[TASK OBJECTIVE]: With pictures left out, only the lines from the one containing "可爱小猫卡通玩偶款 包挂件bebe东大门韩国代购 秋新款" through the end of the records should be reproduced exactly, please.

*** Begin section ***

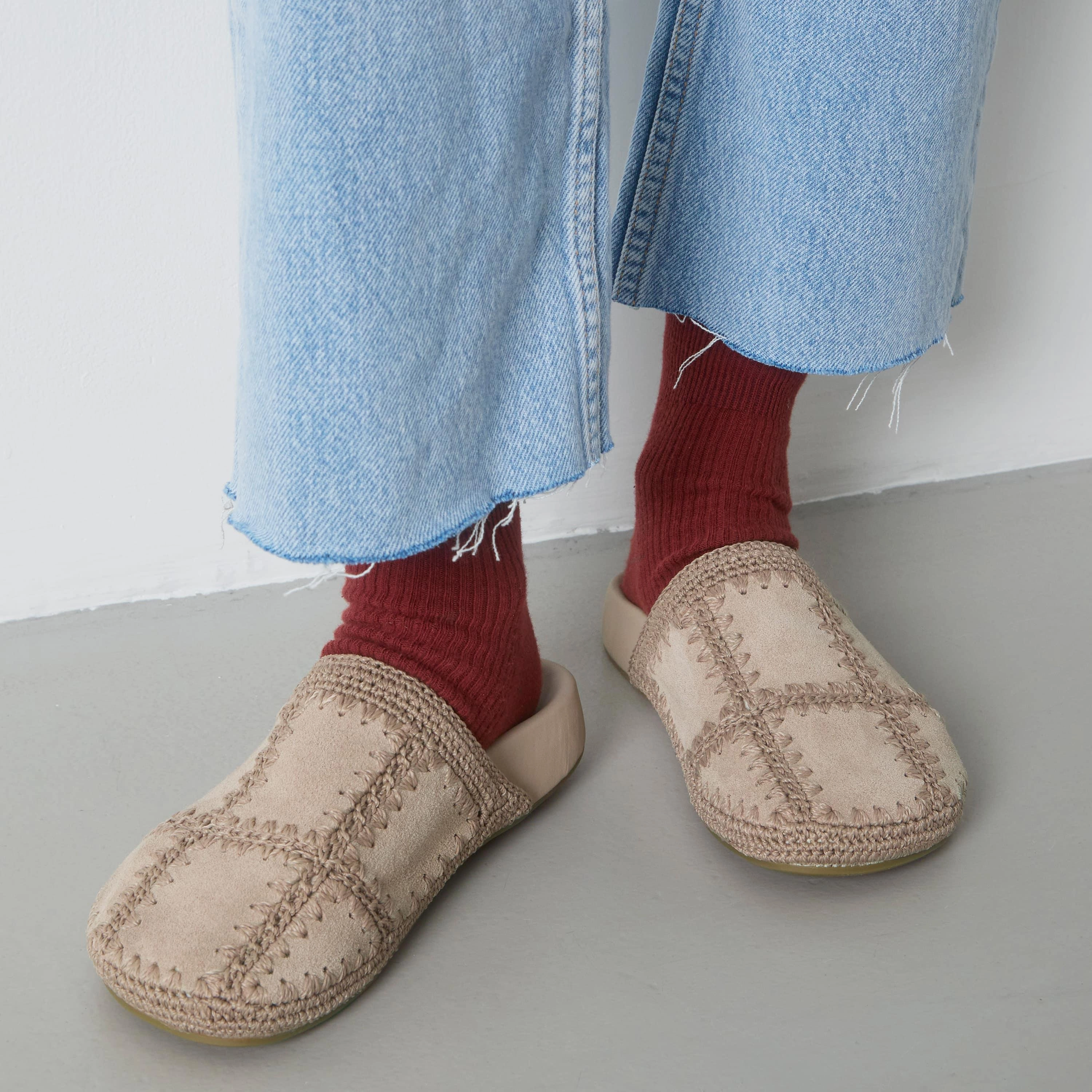 Bolinas Crochet Clogs Shoes The Sak Bolinas Clogs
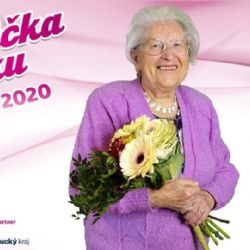 Stříbrná babička roku 2020 je z Mariánských Lázní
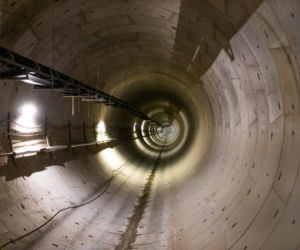 Budowa tunelu średnicowego w Łodzi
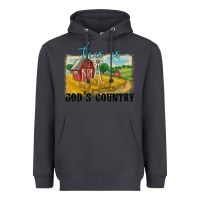 Smoke this is god's country Heavyweight Hoodie - MaliasSmallBusiness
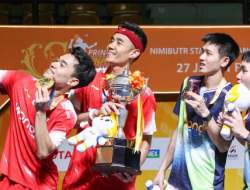 Amallia/Siti Fadia Juara Thailand Masters 2026, Kalahkan Wakil China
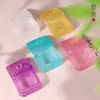 Cartucho de Tinta de Vidrio Fulu Estilo Chino Tintero de Cristal Tintero para Olla Caliente Piscina de Tinta con Tapa Reposaplumas Caja de Tinta para los Cuatro Tesoros del Estudio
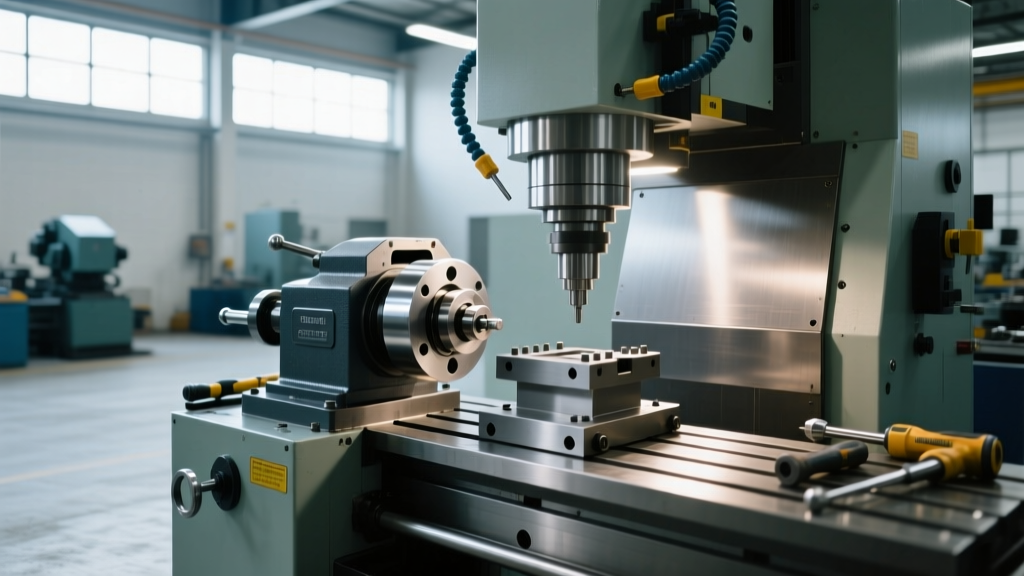 Icon Machine Tool Workholding Safety: Vises, Chucks, and Fixtures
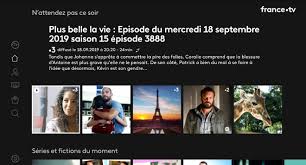 Nous avons donc tourné ces scènes comme des tableaux, des sculptures. Freebox Le Replay De France Tv Innove Et Vous Fait Voyager Dans Le Futur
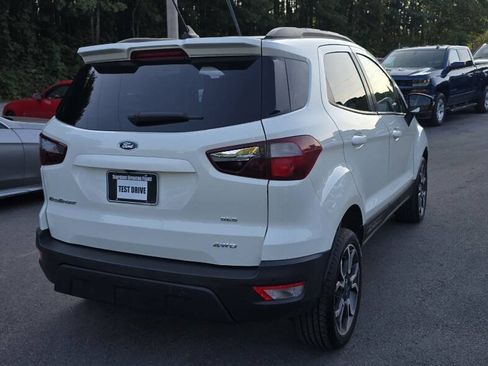 Used 2019 Ford EcoSport SES w/ SES Black Appearance Package AWD/4WD image 7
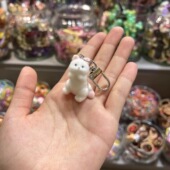 可爱小猫卡通玩偶款 包挂件bebe东大门韩国代购 秋新款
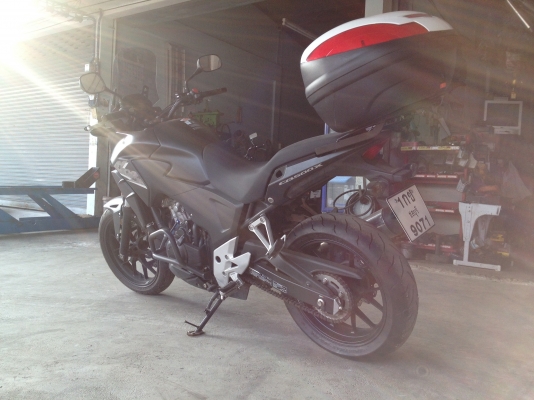 ขายครับ honda cb500x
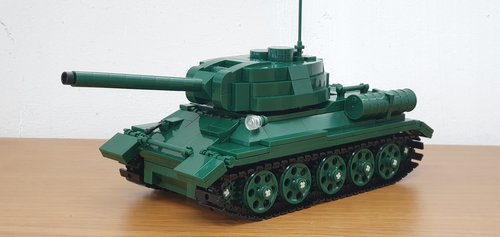 T34/85 Soviet Medium Tank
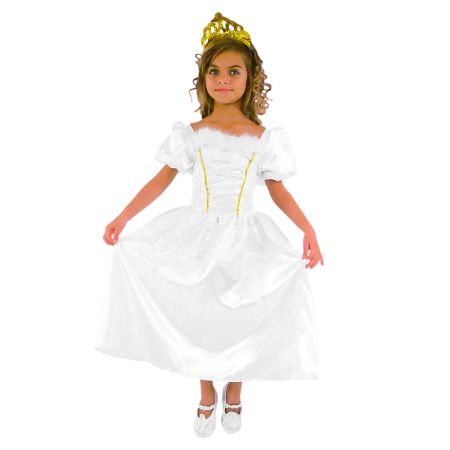 Disfraz Princesa Blanca Infantil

*** End section ***

[OUTPUT FOR THIS TASK]:
 可爱小猫卡通玩偶款 包挂件bebe东大门韩国代购 秋新款
 ขายครับ honda cb500x
 T34/85 Soviet Medium Tank
 Disfraz Princesa Blanca Infantil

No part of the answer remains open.